金正恩に「オンボロ戦闘機」を押し付けるプーチンの裏切り
米メディアの報道によると、サミュエル・パパロ米インド太平洋軍司令官は12月7日、レーガン国家防衛フォーラムの席上、北朝鮮がロシアからMIG-29戦闘機とSU-27戦闘機を取得する予定だと述べた。
ウクライナ侵略を進めるロシアに対し、北朝鮮は大量の武器弾薬を供給しているばかりか、11000人以上とも言われる兵力を送っている。最近では、そのうちの相当数がロシア領クルスクを占領するウクライナ軍との戦闘に突撃兵力として投入されたと伝えられている。

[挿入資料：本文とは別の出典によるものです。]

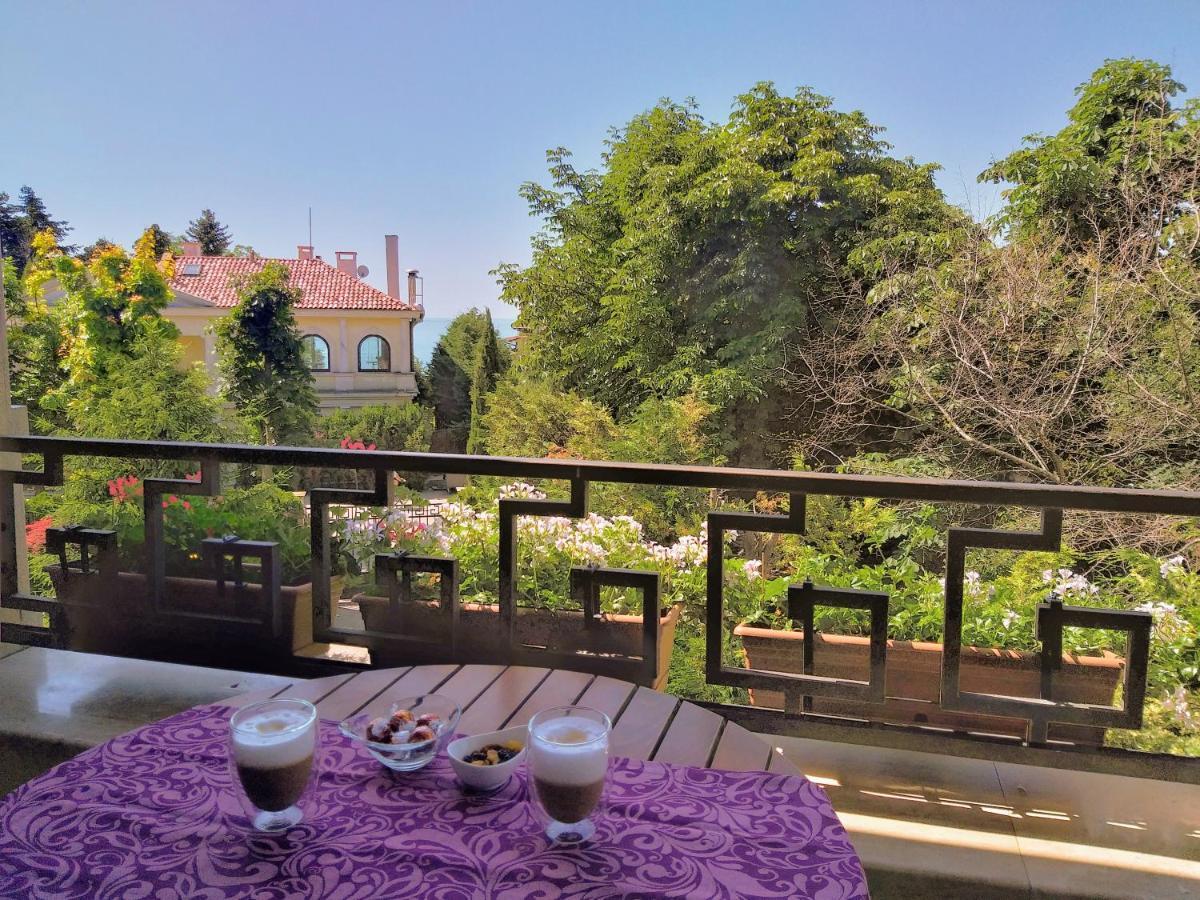 Sea Garden Lux Apartment Varna Luaran gambar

(参考記事:【写真】敵よりロシア軍を「火の海」にする北朝鮮のトンデモ兵器)
こうした協力への見返りとして、北朝鮮がロシアから様々な形の軍事協力を受ける可能性が以前から指摘されていた。特に、北朝鮮は老朽化の著しい空軍力を、ロシアの協力で抜本的に改善するとの見方が根強くある。

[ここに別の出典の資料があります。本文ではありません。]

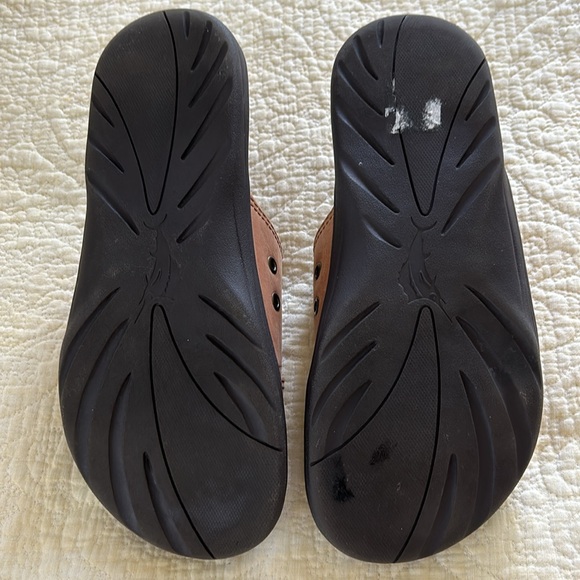 Tommy Bahama men’s tan  suede slides - Picture 4 of 6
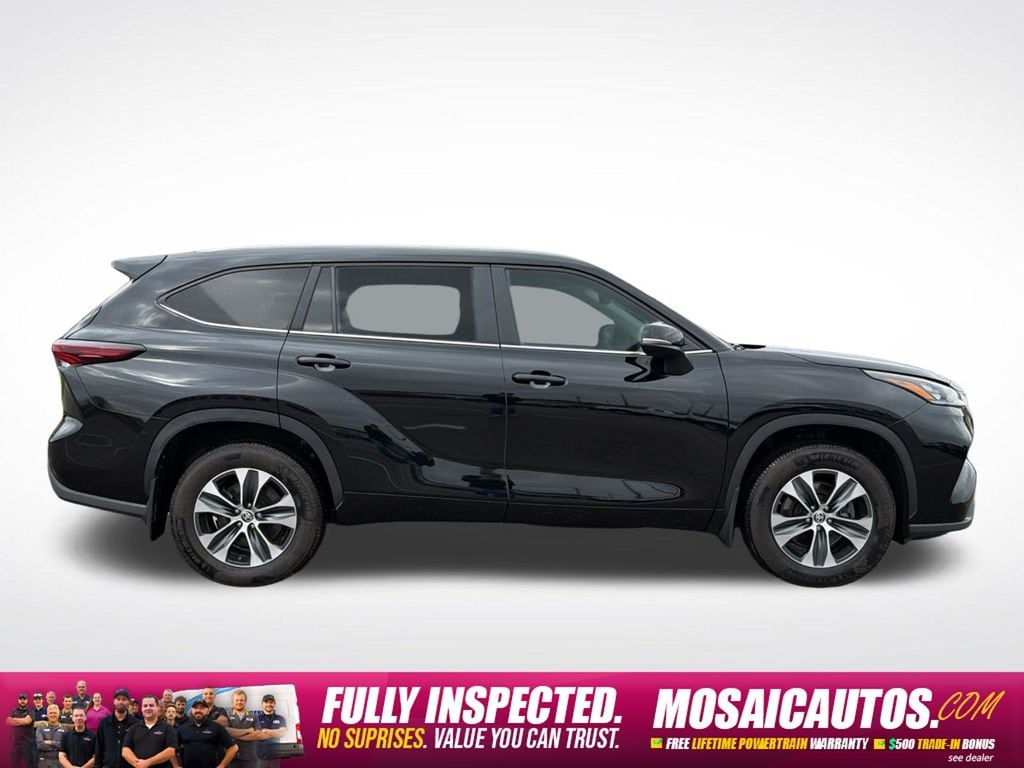 Used 2024 Toyota Highlander XLE with VIN 5TDKDRBH7RS573993 for sale in Zumbrota, Minnesota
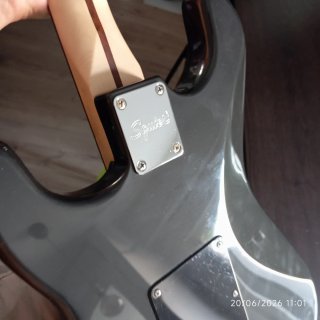 Guitarra eléctrica stratocaster squier
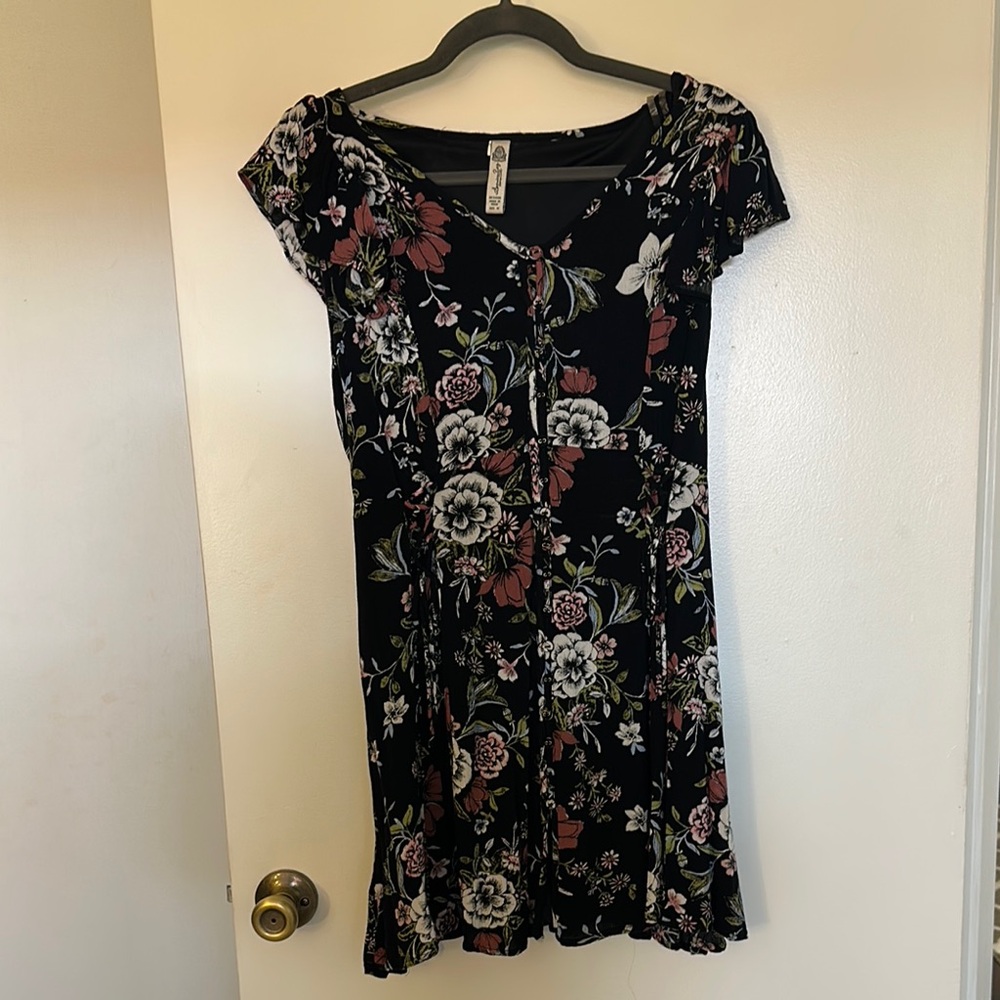 Chic Black Floral Dress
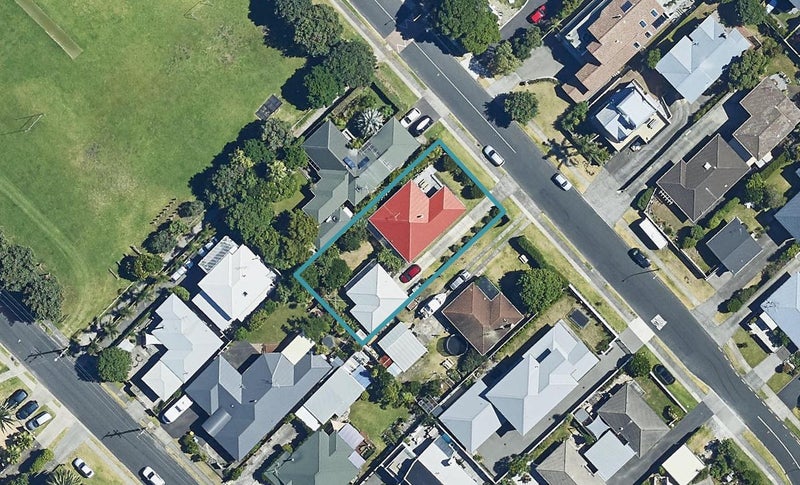 38 Lee Street, Mount Maunganui, Mount Maunganui - Carousel 1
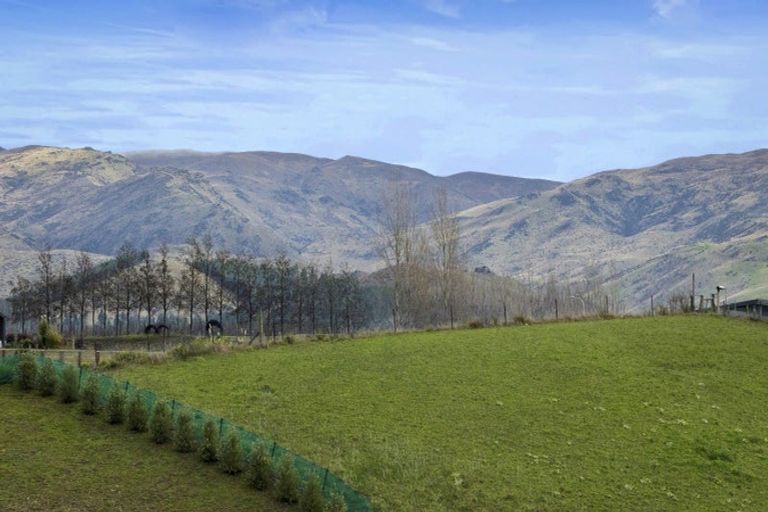 Photo of property in 49a Hall Road, Bannockburn, 9384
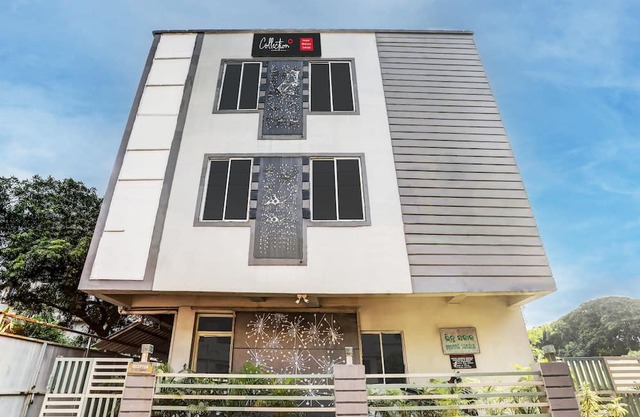 Super OYO Collection O Hotel Bhinna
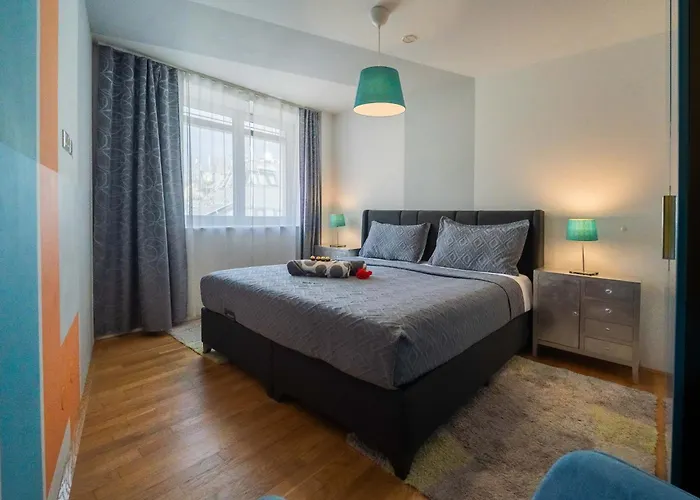 Apartamento Balcony For 4 Near Naschmarkt&kettenbrückengasse U4 Metro *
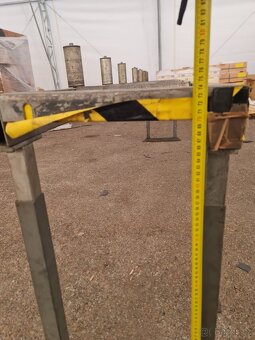Válečkový dopravník Bomar 200cm s bočními válečky - 4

そこでいよいよ出てきたのがMIG-29とSU-27の供与説なのだ。しかし、これが北朝鮮空軍の強化につながるかと言えば、非常に微妙だ。
韓国の軍事アナリストであるイ・イル自主国防ネットワーク事務局長は米政府系のラジオ・フリー・アジア(RFA)とのインタビューで、次のように語っている。

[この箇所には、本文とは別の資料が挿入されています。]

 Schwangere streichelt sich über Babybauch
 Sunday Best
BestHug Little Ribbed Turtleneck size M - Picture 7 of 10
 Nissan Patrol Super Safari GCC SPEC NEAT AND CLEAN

「ロシア空軍が保有しているMIG-29は1980年代後半から1990年代初めに生産されたMIG-29Sで、北朝鮮が現在運用中のモデルと同じです。ロシアが保有しているMIG-29のうち30機余りが新たに生産された新型モデルで、残りの200機余りは全て旧型ですが。2009年と2010年にその半分の100機余りが長期の放置状態で腐食が激しく、稼働不能という検閲結果が発表されたりもしました。つまり、北朝鮮が受け取れるMIG-29は空軍力の現代化が不可能な、スクラップ級の装備だということです」
「Su-27はさらに深刻です。 現在、ロシア軍が保有しているSu-27はすべて1991年以前の生産分です。これらの一部は2004年からSu-27SMという仕様に改良され、最近はSu-27SM3という追加の改良作業が進行中です。ロシアが北朝鮮にSu-27を与えるなら、改良していない機体を与えるか、初期改良型を引き渡すことになるでしょう。しかし、この戦闘機はロシア本土防空の主力であり、ロシア本土は今もウクライナ軍のドローンに対する対応作戦で戦闘機が非常に不足している状況。Su-27を与えるとしても、ごく少数になる可能性が高いのです」
付け加えて言えば、北朝鮮空軍の劣化の原因は航空機の老朽化だけが原因ではない。燃料不足によってろくに飛行訓練もできず、それに伴って整備技術の減退が進んだという、組織の構造的な問題があるのだ。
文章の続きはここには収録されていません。